The type DK 37 digital compensator from HBM has marked another milestone in terms of accuracy. The precision of this measuring instrument made it possible in 1977 to open the first calibration laboratory within the German Calibration Service (DKD, now DAkkS), which was accredited at HBM. Types DK 38 and DK 38S6 followed. Even today there are still many DK devices in use around the globe in institutes that pioneered the system for calibration and traceability.

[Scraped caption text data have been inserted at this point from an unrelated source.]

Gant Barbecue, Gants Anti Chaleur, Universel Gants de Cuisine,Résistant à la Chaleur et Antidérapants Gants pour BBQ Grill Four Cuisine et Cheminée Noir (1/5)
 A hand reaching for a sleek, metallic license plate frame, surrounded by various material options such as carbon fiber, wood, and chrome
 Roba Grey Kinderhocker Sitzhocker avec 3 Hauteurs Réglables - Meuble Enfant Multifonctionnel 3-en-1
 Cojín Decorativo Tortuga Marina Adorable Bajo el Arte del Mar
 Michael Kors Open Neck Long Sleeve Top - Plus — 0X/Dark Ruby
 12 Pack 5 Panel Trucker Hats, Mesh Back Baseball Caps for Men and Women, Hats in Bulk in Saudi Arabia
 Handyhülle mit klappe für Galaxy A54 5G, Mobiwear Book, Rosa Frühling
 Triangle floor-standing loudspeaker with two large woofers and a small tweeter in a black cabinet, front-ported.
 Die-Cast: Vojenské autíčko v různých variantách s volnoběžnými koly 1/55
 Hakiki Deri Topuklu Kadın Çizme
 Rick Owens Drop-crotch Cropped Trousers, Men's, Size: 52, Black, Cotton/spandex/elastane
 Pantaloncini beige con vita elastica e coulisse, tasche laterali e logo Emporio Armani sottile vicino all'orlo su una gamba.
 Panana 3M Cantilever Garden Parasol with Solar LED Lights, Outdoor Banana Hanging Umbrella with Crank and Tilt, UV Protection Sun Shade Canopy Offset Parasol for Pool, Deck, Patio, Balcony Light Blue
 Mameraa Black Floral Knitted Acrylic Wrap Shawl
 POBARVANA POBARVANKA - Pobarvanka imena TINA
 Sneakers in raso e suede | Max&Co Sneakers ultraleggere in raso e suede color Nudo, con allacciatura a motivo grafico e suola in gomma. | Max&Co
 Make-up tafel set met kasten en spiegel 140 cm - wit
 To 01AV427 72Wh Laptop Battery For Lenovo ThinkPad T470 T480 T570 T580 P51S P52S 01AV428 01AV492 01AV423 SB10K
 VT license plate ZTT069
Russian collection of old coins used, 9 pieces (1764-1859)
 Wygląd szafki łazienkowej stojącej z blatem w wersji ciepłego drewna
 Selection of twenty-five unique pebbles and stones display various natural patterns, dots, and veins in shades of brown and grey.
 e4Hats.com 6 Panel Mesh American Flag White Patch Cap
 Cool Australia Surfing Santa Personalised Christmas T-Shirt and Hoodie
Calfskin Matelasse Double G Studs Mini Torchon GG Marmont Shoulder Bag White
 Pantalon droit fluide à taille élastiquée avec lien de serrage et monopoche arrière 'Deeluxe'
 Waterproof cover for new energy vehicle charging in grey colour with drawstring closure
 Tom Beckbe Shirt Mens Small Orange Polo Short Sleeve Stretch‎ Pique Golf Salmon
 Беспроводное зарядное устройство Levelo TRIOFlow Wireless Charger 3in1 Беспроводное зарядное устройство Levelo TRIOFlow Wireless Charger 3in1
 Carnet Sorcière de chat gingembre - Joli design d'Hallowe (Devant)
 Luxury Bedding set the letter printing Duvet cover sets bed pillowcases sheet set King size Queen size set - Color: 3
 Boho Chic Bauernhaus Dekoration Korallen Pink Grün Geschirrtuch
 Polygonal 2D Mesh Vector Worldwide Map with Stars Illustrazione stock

Consistently making full use of physical possibilities
Globally HBM is today the embodiment of high-precision measurement technology and is represented in all important markets. And for good reason: for more than 60 years, innovative products have been shaping the world of measurement technology. Metrological institutes around the world trust precision amplifiers from HBM.
Since its founding over 60 years ago, HBM has worked in close cooperation with the German National Metrology Institute (PTB) in Braunschweig and with other institutes, scientists and engineers, always making new tools available which have contributed substantially to perfecting worldwide metrology for measuring force, mass, torque and pressure.
But HBM's success story began very modestly at first in 1950. That was when engineer Karl Hottinger founded the company Hottinger Messtechnik in Vogtareuth, Bavaria. With ten employees at that time he produced inductive force, displacement and vibration transducers. No wonder then that now legendary KWS amplifiers support this very technology for measuring force, displacement and acceleration.
From strain gauges to measuring amplifier
Just five years after its founding, the company had gone through such rapid growth that a move to Darmstadt became necessary. In 1962 the company changed its name to Hottinger Baldwin Messtechnik GmbH. HBM was the first company in Europe to recognize the potential of strain gauges (SG) and began to manufacture them. With the triumph of the new technology, the need for accurate SG amplifier technology grew. In 1970 HBM presented the trailblazing KWS/6E-5 amplifier, a powerful multi-channel system.
Reliable accuracy: the first DKD calibration laboratory
DMP: fully exhausting physical possibilities
HBM introduced the DMP series in late 1980. The DMP39, which was developed in close collaboration with the German National Metrology Institute (PTB) in Braunschweig, was just beginning to fully exhaust the physical possibilities of that strain gauge measurement technology. The device class was subsequently fine tuned continuously in terms of operation and interaction. And finally the successor device, the DMP40, set a standard around the world in primary and secondary laboratories.
HBM is marking another milestone with DMP41, the youngest member of the DMP family. The precision amplifier supports simultaneous measurement with multiple channels. It is even more insensitive to interference and can be integrated in various ways into modern laboratory network environments. Metrological institutes will continue to be able to rely on maximum precision in the future.